I'm not sure why I didn't post my figure competition prep here. Perhaps it's because of all of the time I was spending on Bodybuilding.com, Scivation.com (forums there are great for fitness and natural bodybuilding enthusiasts), working on my degree, working with clients, or catching a breather at home. Or it could be (and I'm sure this is part of it), I was a little nervous about sharing the ups and downs of the whole figure prep experience.
Now that I've gone through the hardest stages of that and am prepare for the 2012 competition season, I'm ready to share some things I've learned about myself hoping it will motivate or encourage you.
Late last summer, I made the ultimate decision to compete in an all natural figure competition. I started cleaning up my diet during the Fall and really buckled down on the diet in November. At the time, I was planning on competing in February. It only took about three or four weeks to realize that I was carrying too much bodyfat to be stage-ready. So, I set my eyes on a competition in April.
Using the knowledge base that I already had, asking experienced friends and acquaintances for guidance and constructive criticism, and stating my goals to many people put me in the right frame of mind to do what I had to do. By February 1, I had lost almost twenty pounds of bodyfat. That being said, I was starting to second-guess myself in the gym and with my diet. Was I eating too much? Was I eating too little? Should I do high intensity cardio? Should I exercise on an empty stomach? Could I drink coffee? It was starting to monopolize my thoughts, especially at bedtime. All of that second-guessing and fretting led me to realize that I needed more outside help from someone who I could trust.
Right around that time, I started posing practice with my posing coach, Tina Peratino of Centerstage Figures. At the first session, I realized just how much I needed to focus on my presentation. Tina taught me how to stand in such a way to maximize my muscular and feminine strengths. She took pictures of me posing so that I could have them for reference. Boy were those pictures a wake-up call. I still had a lot of work to do and not much time to do it. That's when I decided to contact the man who would become my training and nutrition coach, Layne Norton.

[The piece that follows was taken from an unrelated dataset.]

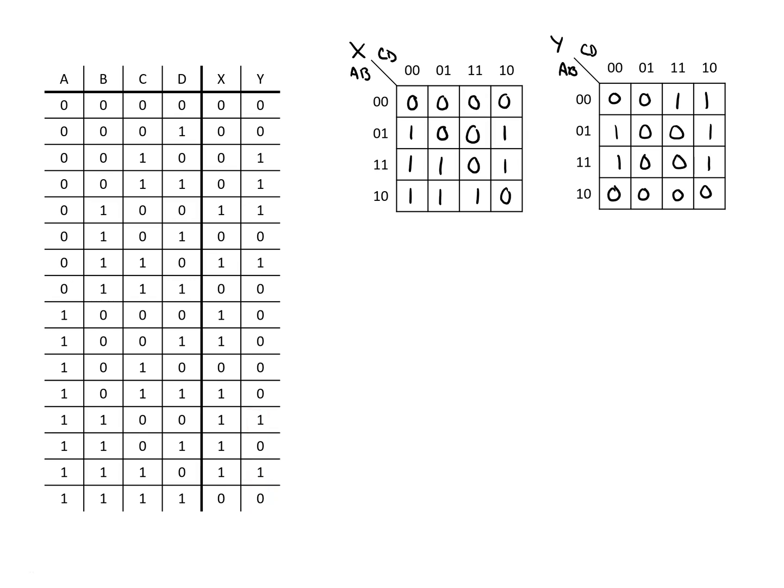We now have our two K maps and now we want to find what is a minimal covering for these. We're going to look for the largest blocks that we can circle here.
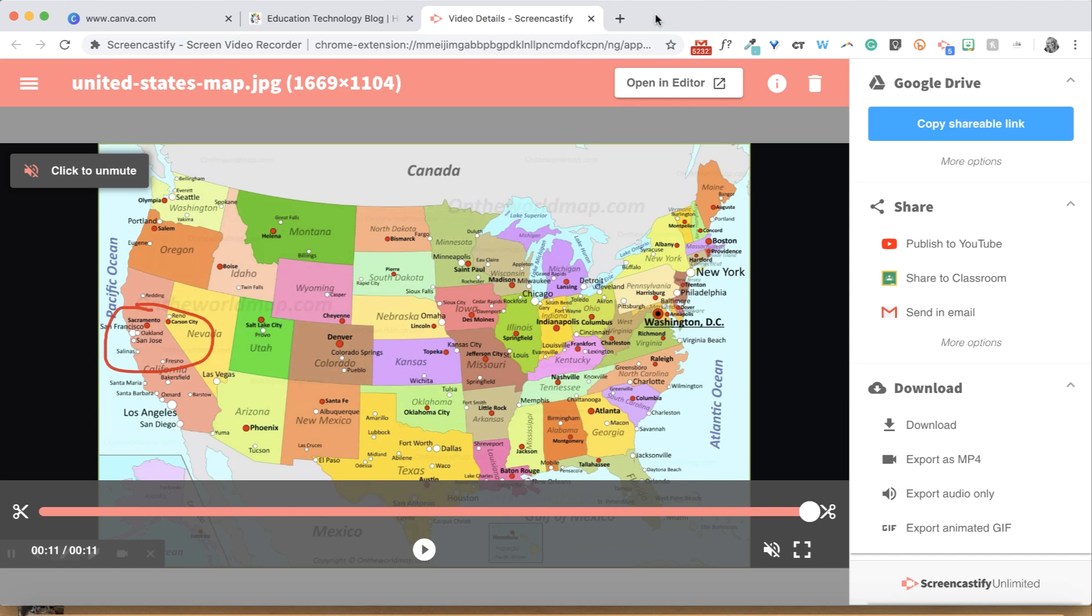Once you finish recording a video, it will automatically pop up in a new tab in your Chrome browser. From there, you will have a few options for sharing your video.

When I first contacted Layne, I really doubted he'd ever have the time or interest in getting around to contacting me back. What a shocker it was when he responded to my email within minutes of my sending it. The really crazy thing is that I think it was nearly midnight. I was seven weeks out from my very first competition and I just figured I'd waited too long for him to be willing to work with me. After telling me that he typically doesn't work with anyone less than 12 weeks out from competition, he said that I should send him my most recent progress pictures. He ended that email saying he wouldn't make any promises regarding the whole thing. Over the next few days, we emailed back and forth...he wanted to know what my diet, training, and sleep looked like, he wanted to know what kind of supplementation I was doing, etc. After a few back-and-forth emails, he agreed to work with me.
My results with Layne were immediate. I'd been "stuck" at 127lbs for weeks. At the first week, I dropped about two pounds. Seven weeks later, I stepped on stage for the first time looking as lean and as strong as I possibly could have with the amount of time I had to do it. I was the Masters champion (women ages 35+) and I brought home three 2nd place trophies.
I competed again a few weeks later in two other competitions and walked away with trophies each time. By the third competition, I was exhausted and had come down with strep throat. The surreal excitement of my accomplishments gave way to exhaustion and a surprising depressed feeling. Then there were the post competition binges. Boy did I eat, and eat, and eat....and sleep, and throw up, and get sick, and feel depressed....
Here I am two months past my first competition season, about fifteen pounds heavier, and very proud of what I've accomplished personally and professionally.
So, what's coming up next? Well, I'm looking to compete again in 2012. In the meantime, I've got a degree I am strongly pursuing, a full-time personal training business to work, five beautiful kids who need more of me, and an amazing husband to be thankful for and enjoy. So, while I'm enjoying my family and working my job like most of you work yours, I'm also growing physically. You'll see these deltoids of mine getting fuller and rounder, I may be walking funny to your personal training sessions after having given myself a beating in the gym (don't think I don't victimize myself the way I torture my clients).
The smaller, but still important goals I've got are probably similar to most of my friends. Eliminate our debts, save more, get the home better organized, spend more time with the kids individually, etc. What's important is that my goals are not the sum of who I am. I set out to be successful because I wholeheartedly believe that the successes I desire will enrich the lives of my husband, my children, and me. Are you setting goals? Have you reached the point in your life where you want to be? You're worth whatever it takes to be as healthy as you can be and at peace with your life. Love you for the person that you were designed to be. Live every day like it matters because you matter!